In December of 2013, Bank of America settled multijurisdictional lawsuits from approximately 185,000 of its former and current call center employees for allegations that it required them work when they were technically off the clock. Plaintiffs alleged that the bank’s management of call centers, including a centralized scheduling policies and chronic understaffing, violated the Fair Labor Standards Act (FLSA) by requiring nonexempt employees to work off the clock to make up for these issues. The settlement ended those allegations against companywide policies, and while the amount splits modestly amongst such a large class, the order agreed that it was the best potential result for those plaintiffs.

2) $29.75 million – Tata Consultancy Services, Ltd.

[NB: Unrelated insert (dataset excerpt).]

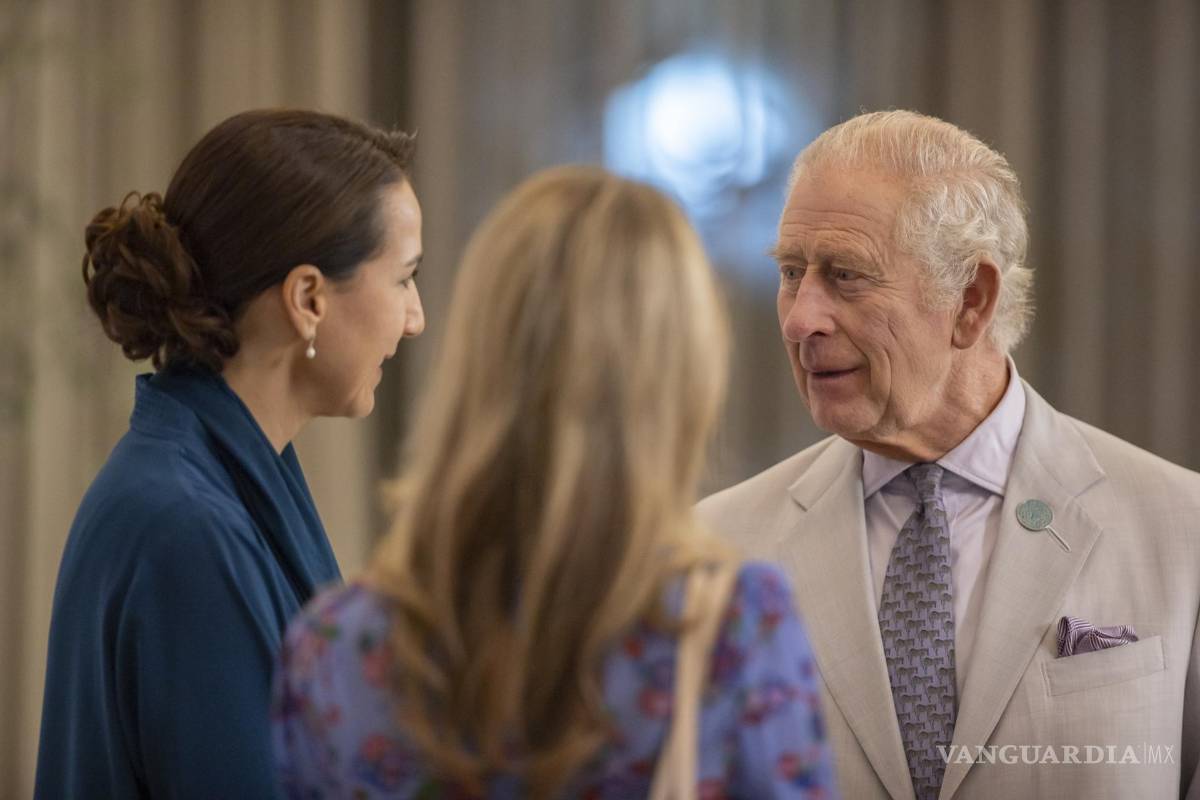 $!El rey Carlos III de Gran Bretaña conversa con la Ministra de Cambio Climático y Medio Ambiente de los EAU, Mariam bint Mohamed Saeed Al Meheiri en Dubai.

In 2006, two workers from Mumbai, India filed complaint against Tata Consultancy in California for policies surrounding tax processing and returns. The complaint alleged that the IT outsourcing company required workers who were not U.S. citizens to sign over power of attorney, which allowed a third party to calculate tax refunds for them. Once tax refund checks were received, Tata required workers to mail them back to company headquarters. The company denies that any of these activates were illegal under state or federal law, and in 2013 it settled the case to “eliminate any on-going distraction to its associates and management.”

3) $29 million – Ecolab Inc.

In April of last year, environmental services provider Ecolab settled complaints that alleged it violated the FLSA by denying contracted exterminators overtime pay. In 2011, exterminators filed a complaint in California alleging that the company had forced them to work long hours, but had not paid for their overtime. Ecolab argued that because exterminators used hazardous materials in their work, they were not covered by the FLSA.  Hazardous material exemptions in the FLSA were originally intended to discourage truck drivers carrying harmful chemicals from working extra-long and potentially dangerous shifts, and had been applied to exterminators until recently. Ultimately, a class of 400 former and working exterminators settled with Ecolab, and the company was required to re-classify those employed for pest elimination services as non-exempt.

4) $21 million – Merrill Lynch

Not uncommon when large corporations merge, Bank of America’s 2009 acquisition of Merrill Lynch & Co. created a number of issues for employees. The most expensive turned out to be problems surrounding deferred compensation packages owed to financial advisers that did not continue on with the company when it was absorbed by BoA. Employees filed suit in 2009, alleging that they had not received the deferred compensation they were owed. About $16 million of the settlement went directly to a class of close to 1000 brokers, while the remainder paid for attorneys’ fees.

5) $20.9 million – Rite Aid Corp.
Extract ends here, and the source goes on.